What is being asked
The range runs from the line containing "- Derecho Romano" to the last line of the entries. Restate those lines word for word, without the pictures.
START Records
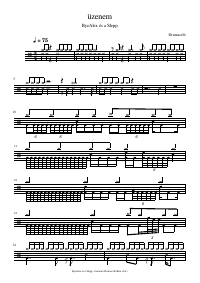 Drum score: ByeAlex és a Slepp - üzenem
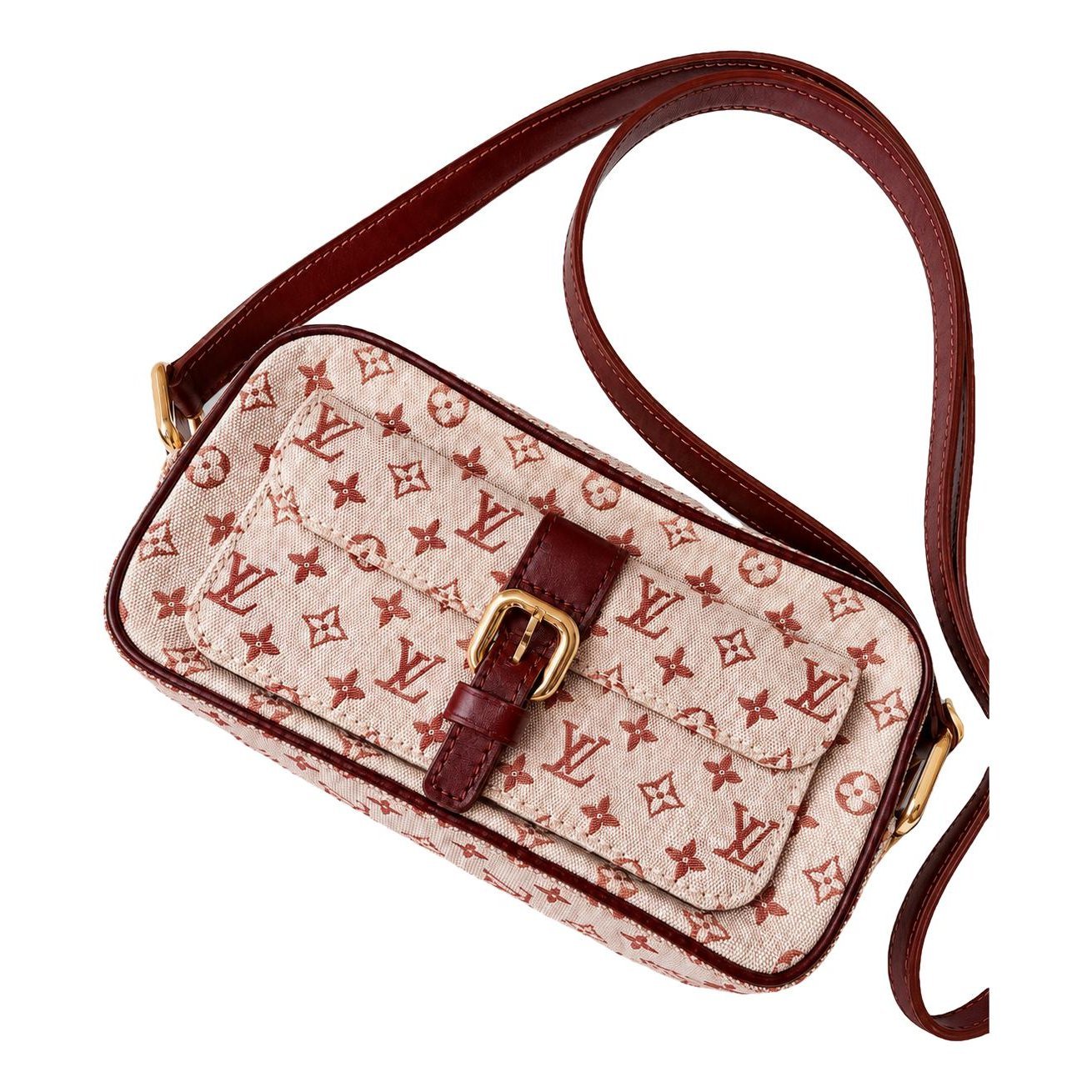 Juliette leather crossbody bag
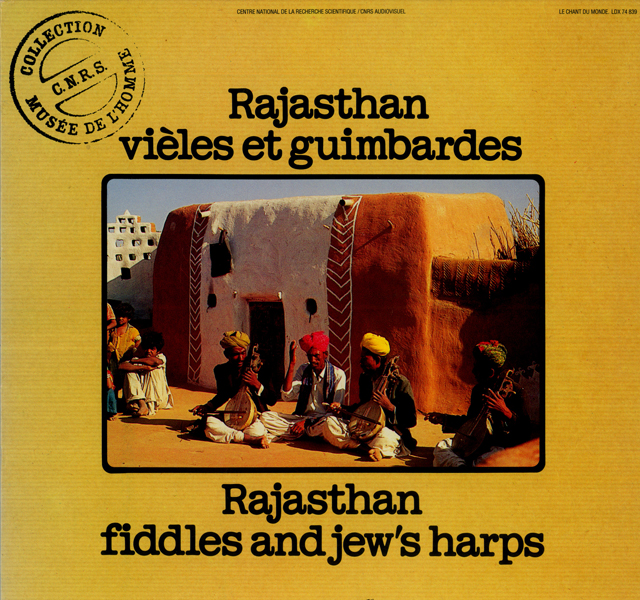 Rajasthan; Vièles et Guimbardes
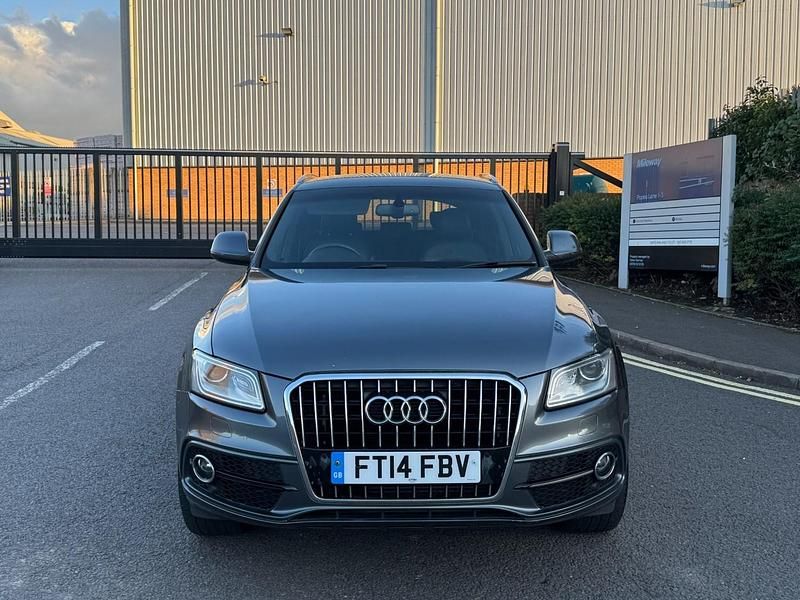 Used Audi Q5 S-line plus 2014 Grey SUV
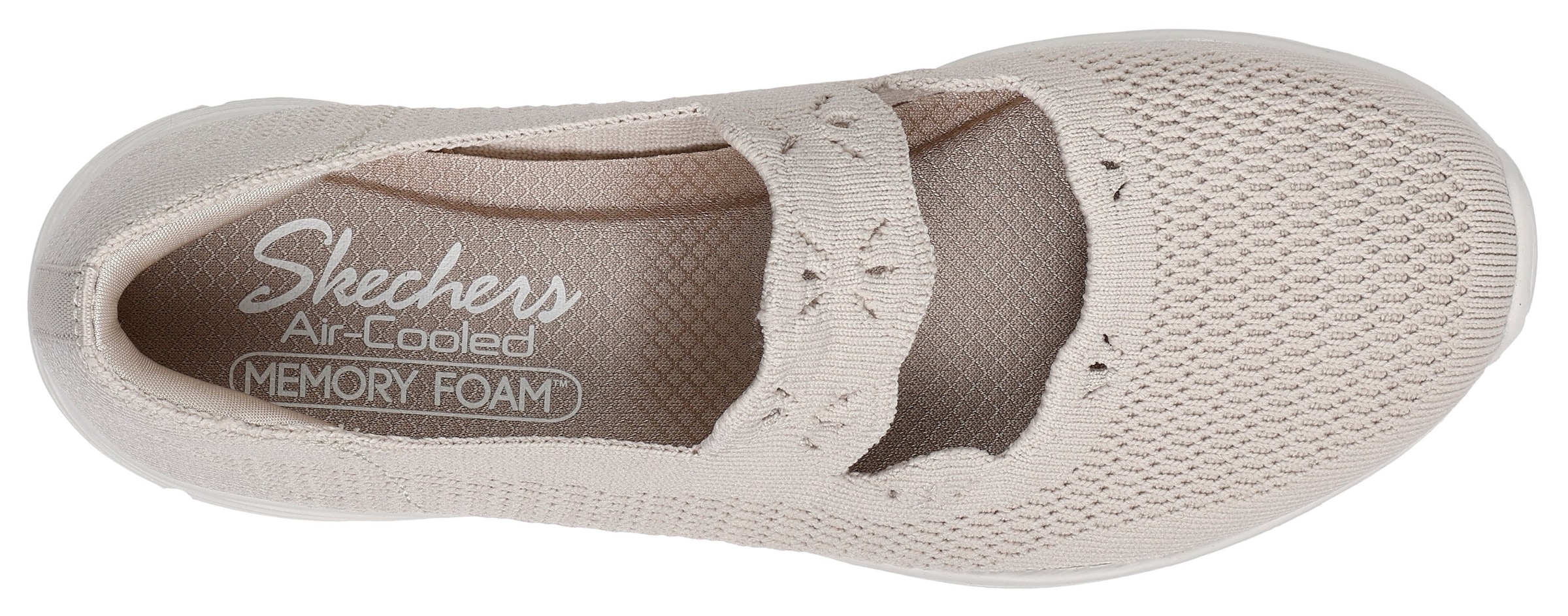 Skechers Slip-On Sneaker »SEAGER-CUTE N' COY«, Mary-Jane, Klettschuh mit Memory Foam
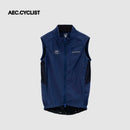 Men's Winter Lightweight Cycling Wind Gilet 2026 - Hill - Blue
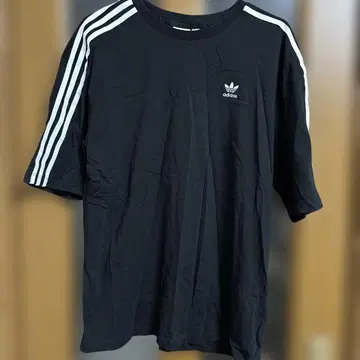 adidas 티셔츠 블랙 J/L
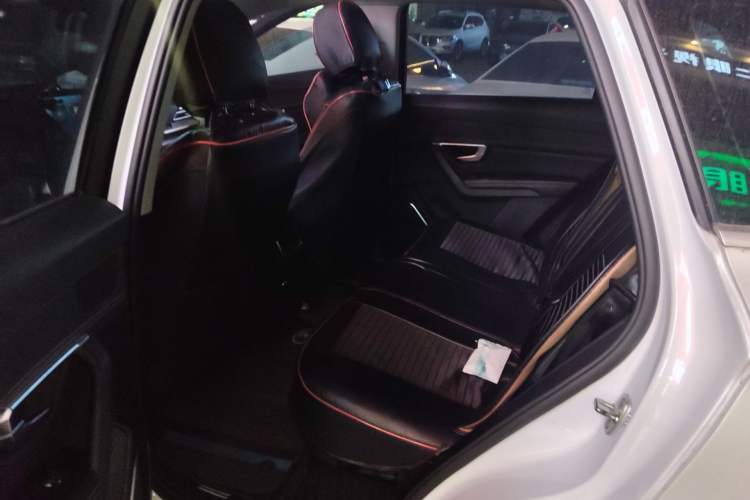 Used BYD Song Pro 2019 1.5T Automatic Luxury Model Left Rear Seat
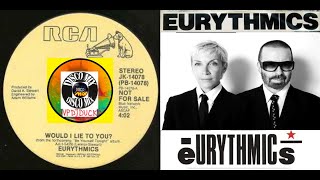 Eurythmics  Would I Lie To You New Disco Mix Extended Version 80s VP Dj Duck [upl. by Ambler492]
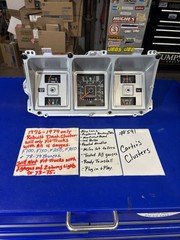 #591 1976 - 1979 Rebuilt dash cluster f100 f150 250 f350  78/79 bronco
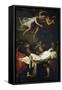 Transport of Virgin to Tomb-Gaspare Landi-Framed Stretched Canvas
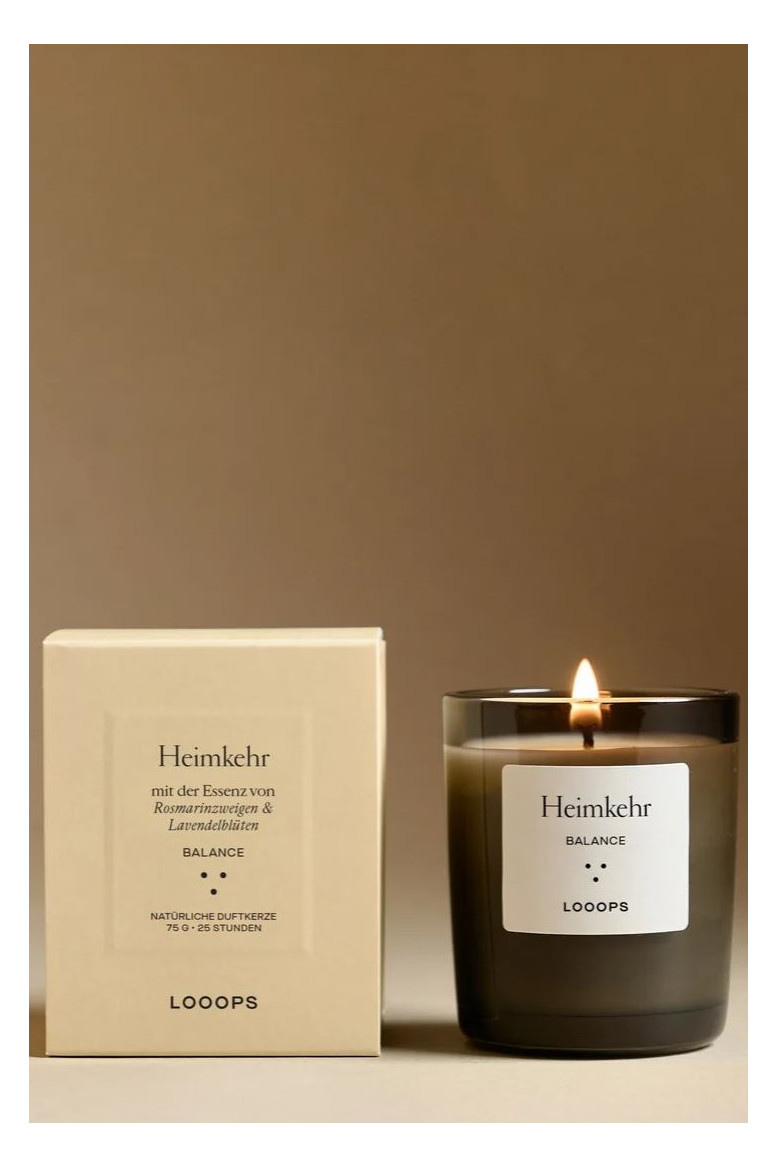 Scented Candle mini Heimkehr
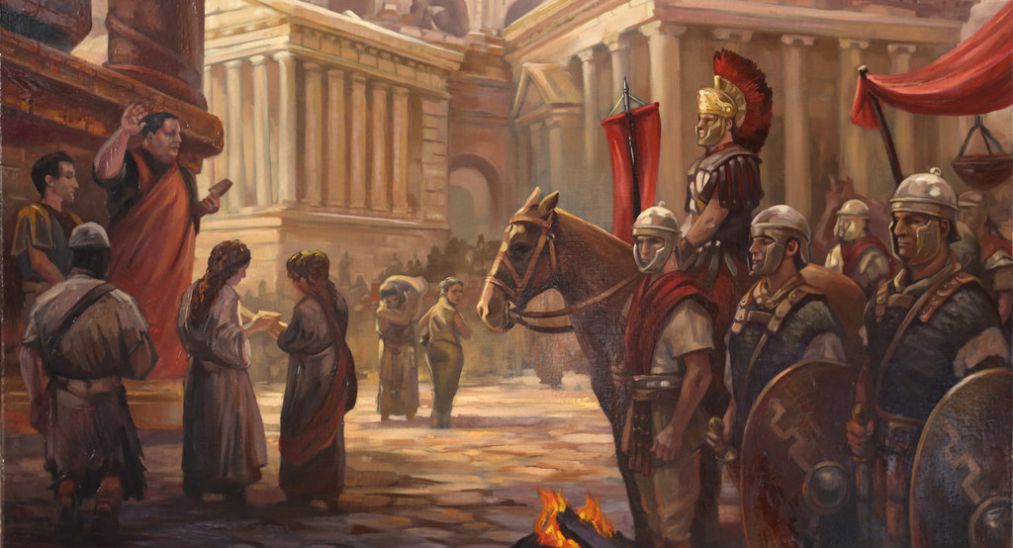 La "Aequitas" propia de la antigua Roma - Derecho Romano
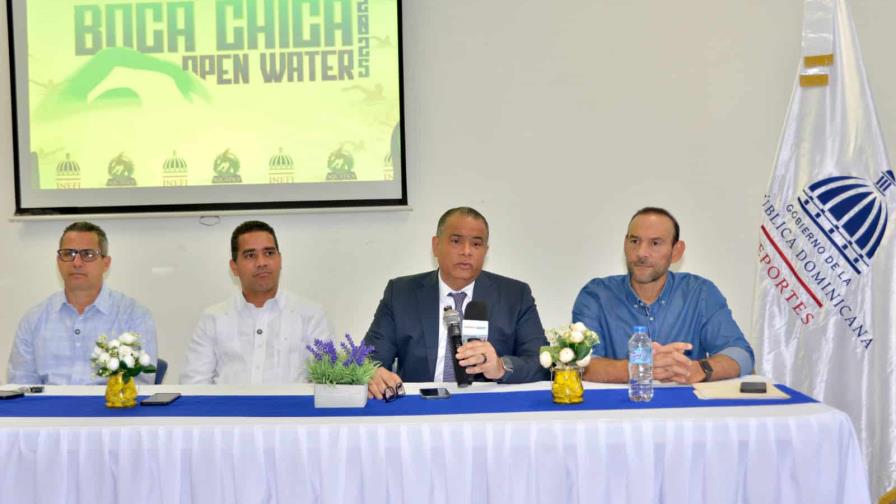 Boca Chica será sede del XIV Abierto de Natación de Aguas Abiertas 2025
END Records
Answer to the problem
 La "Aequitas" propia de la antigua Roma - Derecho Romano
 Boca Chica será sede del XIV Abierto de Natación de Aguas Abiertas 2025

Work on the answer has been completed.